MCP per-operation cost: ~150-250 tokens per tool call. This includes the structured JSON request, the tool’s response (which passes through the context window), and the model’s processing of that response.

CLI per-operation cost: ~40-60 tokens per command. The command itself is compact, and the output streams directly without structured JSON wrapping.

For a typical schema exploration session — listing tables, checking schemas for 4 tables, running profiling queries — the comparison looks like this:

Approach	Tool Definition Overhead	Per-Operation Cost	Total (4 tables + profiling)
CLI	0 tokens	~40-60 tokens/command	~300-400 tokens
MCP	2,000-5,000 tokens	~150-250 tokens/tool call	~3,000-6,500 tokens

For straightforward schema exploration, CLI wins on token efficiency by an order of magnitude. The gap narrows for complex multi-step workflows where MCP’s structured responses simplify downstream processing, but it never disappears entirely.

Why This Matters

Context Window as Scarce Resource

The context window is the model’s working memory. Everything the model knows about the current conversation, the codebase, the problem, and available tools must fit within this window.
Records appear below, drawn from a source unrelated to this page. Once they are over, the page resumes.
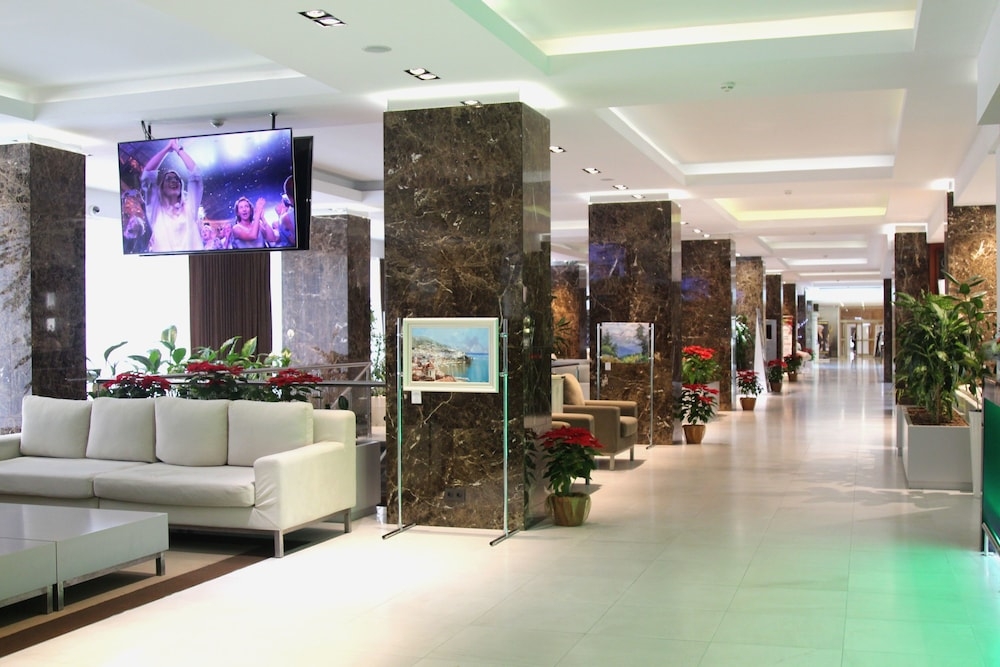 内部エントランス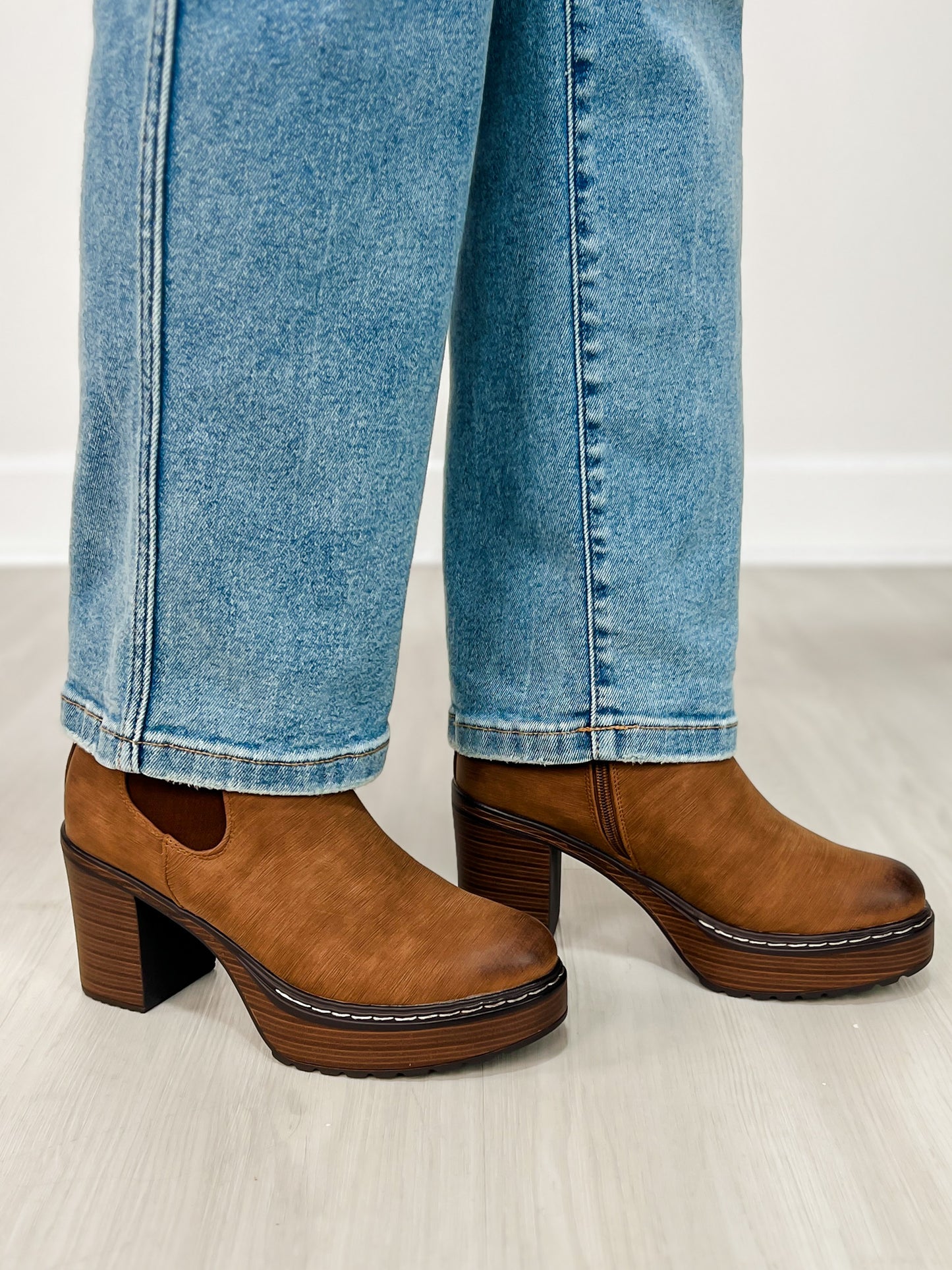 Pierre Dumas Susan-4 Bootie in Whiskey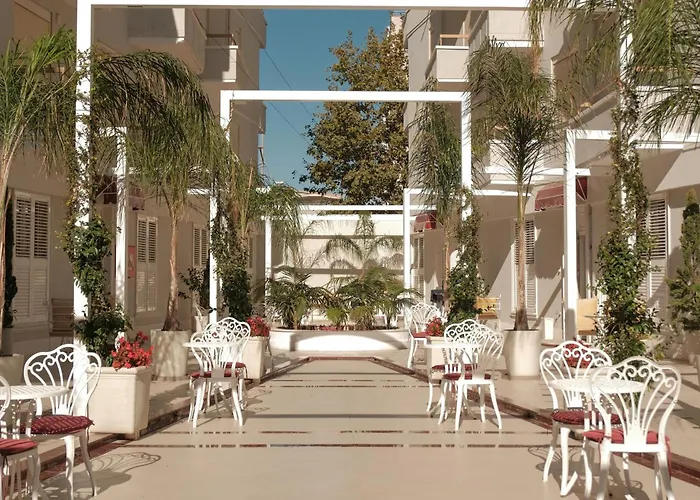 帕拉斯温泉酒店 Durrës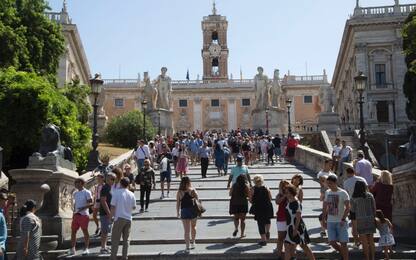 Turista denuncia tentativo di stupro su scale del Campidoglio a Roma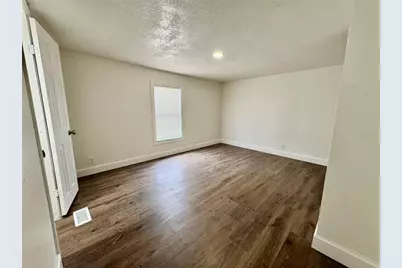 112 Laureti Lane, Lake Wales, FL 33898 - Photo 6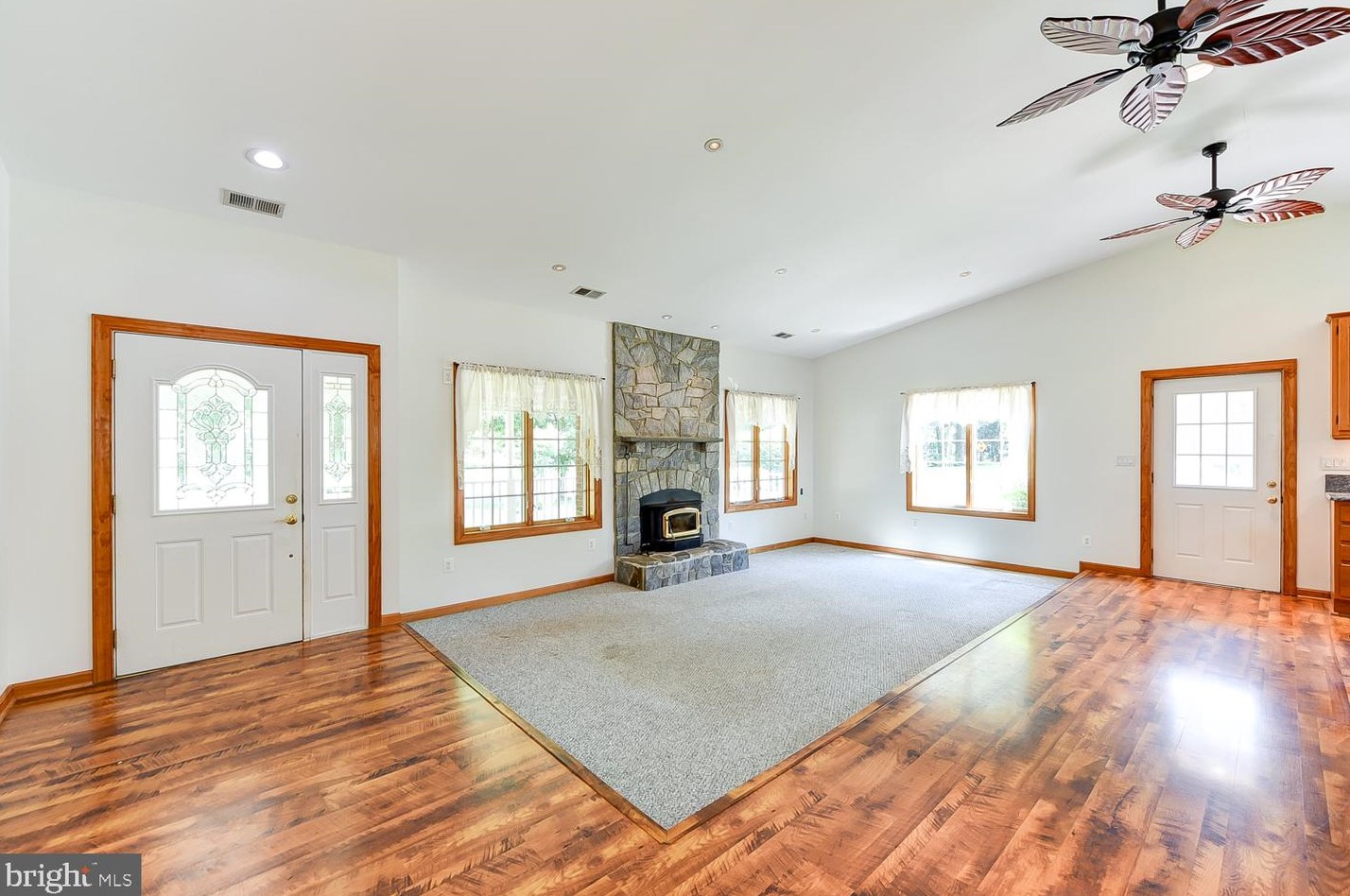 300 Lewis St, Vienna, VA 22180-4207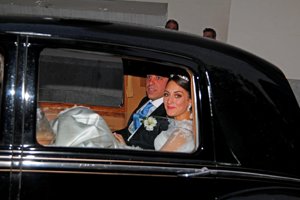 Los novios radiantes de felicidad tras darse el 'sí quiero'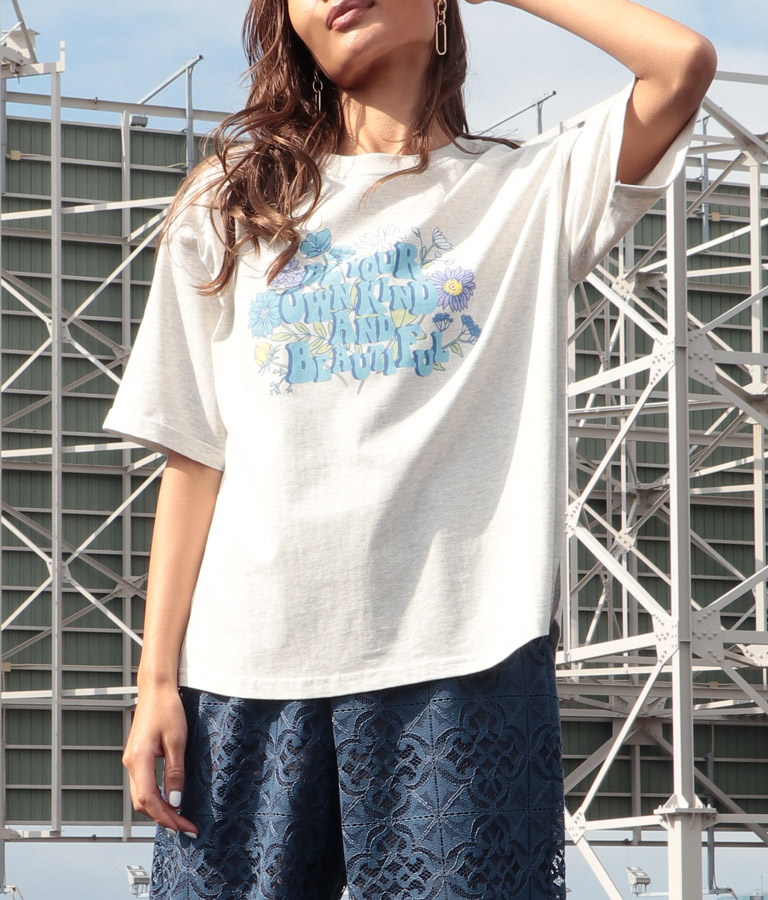 フラワー×ロゴプリントTシャツ(トップス/Tシャツ) | CHILLE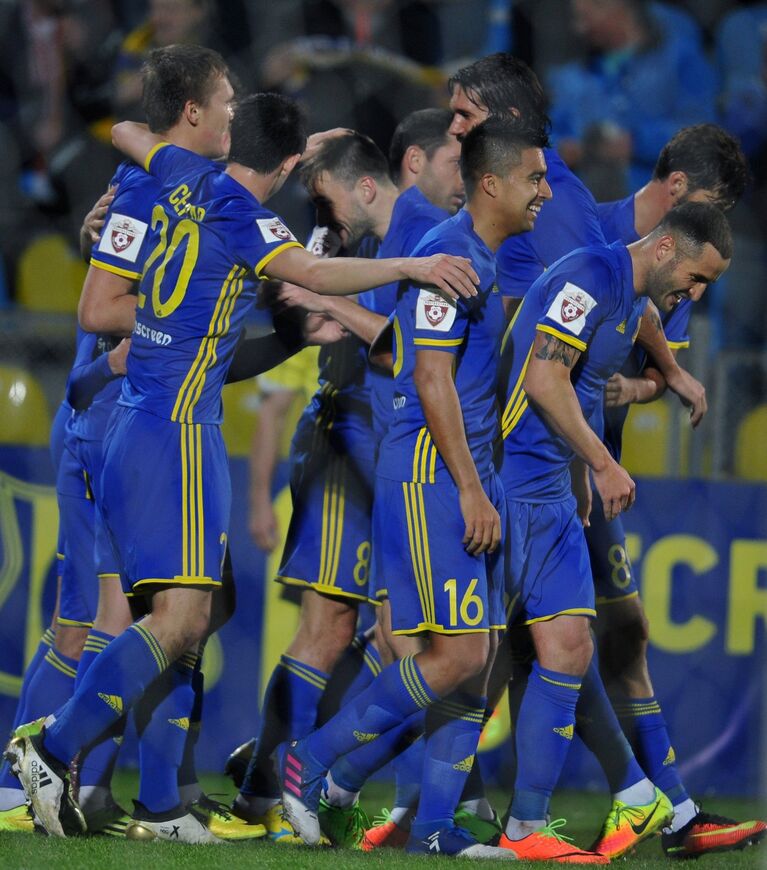 Игроки ФК Ростов радуются забитому мячу Игроки ФК Ростов радуются забитому мячу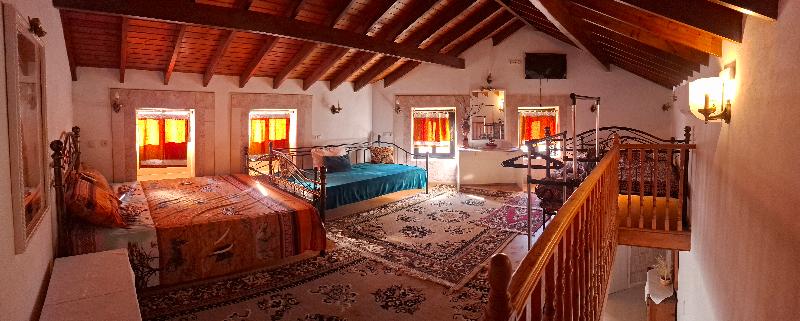 Castellino Studios - Oda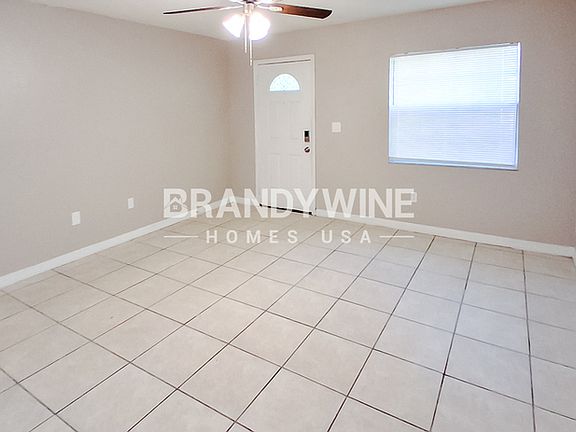 4th image of 3709 E Grove St
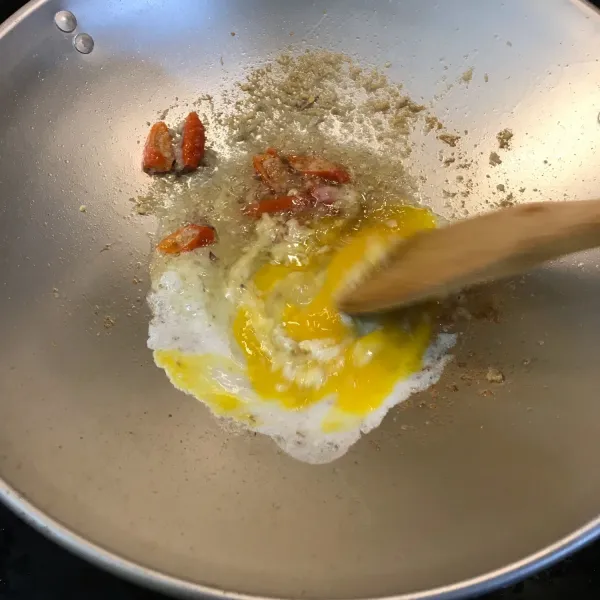 Masukkan telur lalu orak-arik.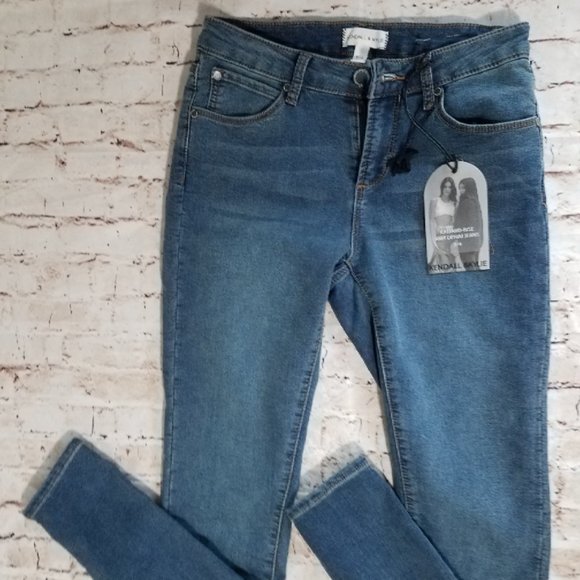 Kendall Kylie Kali Midrise Knit Denim 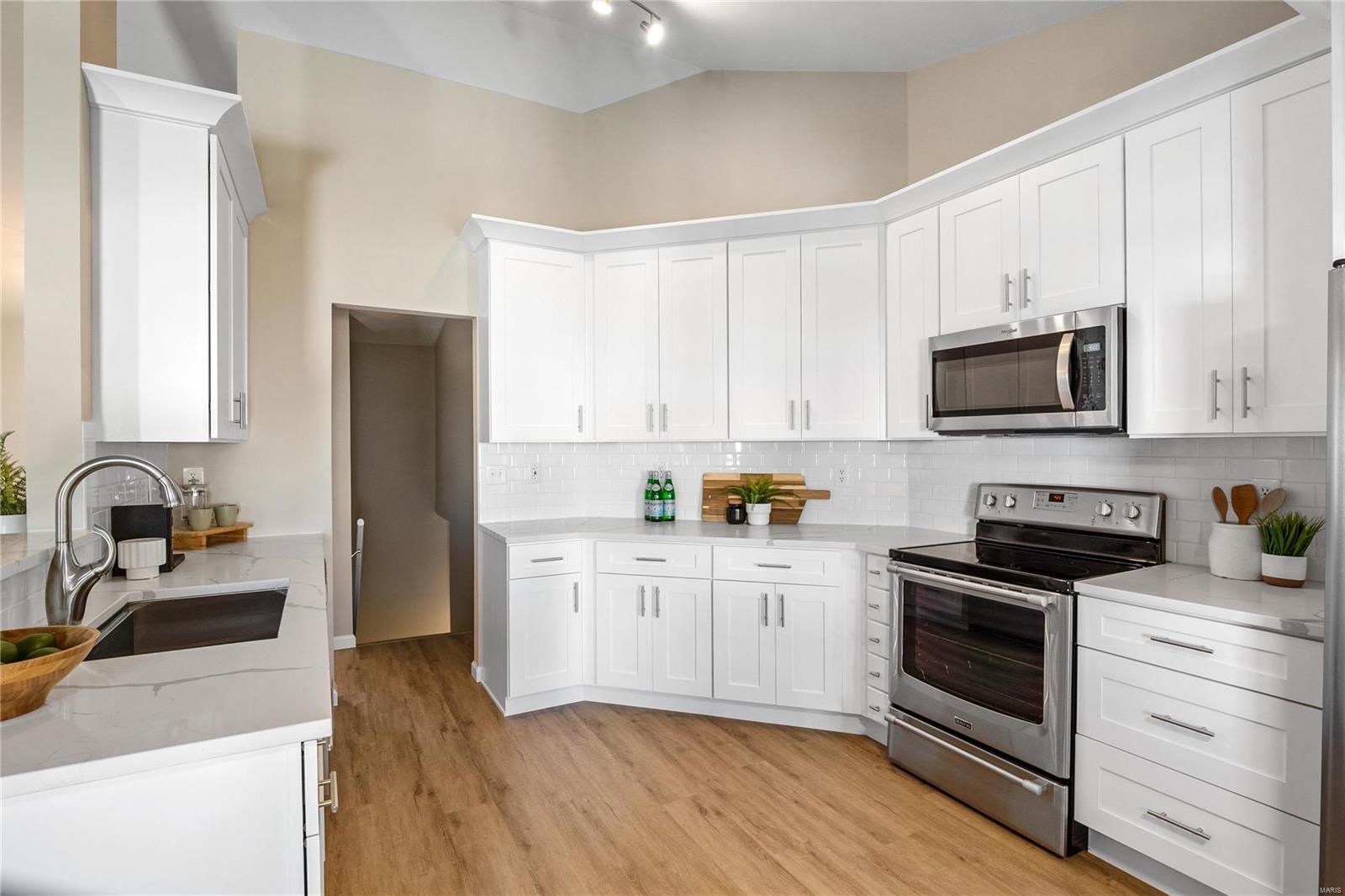 8 Winding Trails Circle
When MCP tool definitions consume 20-40% of available context, the model has proportionally less space for:

Conversation history. Longer sessions mean earlier messages get dropped sooner. Instructions you gave at the start of the conversation may fall out of context.
Code context. Less room to hold file contents, which means the model may need to re-read files more often or work with less surrounding code.
Reasoning. The model’s chain of thought competes for the same token budget. More overhead means less room for complex reasoning about your query or task.

Compound Effect in Long Sessions

Data engineering sessions tend to be long. You might explore a dataset, write a transformation, test it, iterate on the logic, then document the results — all in one conversation. Over a 30-minute session with dozens of operations, the per-operation overhead accumulates:

20 CLI operations: ~800-1,200 total tokens
20 MCP operations: ~3,000-5,000 total tokens (plus 2,000-5,000 upfront)

The 5x-10x difference means the MCP approach consumes a meaningful portion of the context window on tool interactions alone. In practice, this manifests as the model “forgetting” earlier parts of the conversation sooner, or needing to be reminded of decisions already made.

Cost Implications

For Claude Code on usage-based pricing, tokens consumed by MCP tool definitions and tool interactions are billed the same as any other input tokens. The overhead isn’t free in dollar terms either. This compounds with the BigQuery cost of the queries themselves — MCP doesn’t just cost more tokens, it can also trigger more queries if the model needs additional context that fell out of the window.

Mitigation Strategies

Minimize connected servers. Only connect MCP servers you’ll actively use in the current session. Each server’s tool definitions are loaded regardless of whether you use them. Three servers with 5 tools each is 15 tool definitions competing for context; if you only need one server, disconnect the others.

Prefer CLI for simple operations. Use CLI for quick exploration (listing tables, checking schemas, running ad-hoc queries) and reserve MCP for operations that genuinely benefit from structured responses or security controls.

Use hybrid configurations. Claude Code supports both MCP and CLI access simultaneously. Configure MCP for tools where structured responses or audit trails matter, and allow CLI commands for everything else:

{
  "mcpServers": {
    "bigquery": {
      "command": "npx",
      "args": ["-y", "@toolbox-sdk/server", "--prebuilt", "bigquery", "--stdio"]
    }
  },
  "permissions": {
    "allow": [
      "Bash(bq *)",
      "Bash(gcloud *)"
    ]
  }
}

Start new conversations for new tasks. Rather than running one long session that accumulates MCP overhead, start fresh conversations for distinct tasks. Each new conversation resets the context window (though you pay the upfront tool definition cost again).

Watch for context exhaustion symptoms. If the model starts forgetting earlier instructions, repeating questions it already asked, or losing track of the conversation’s goals, context window pressure from MCP overhead may be a contributing factor. Reducing connected servers or switching to CLI for the remainder of the session can help.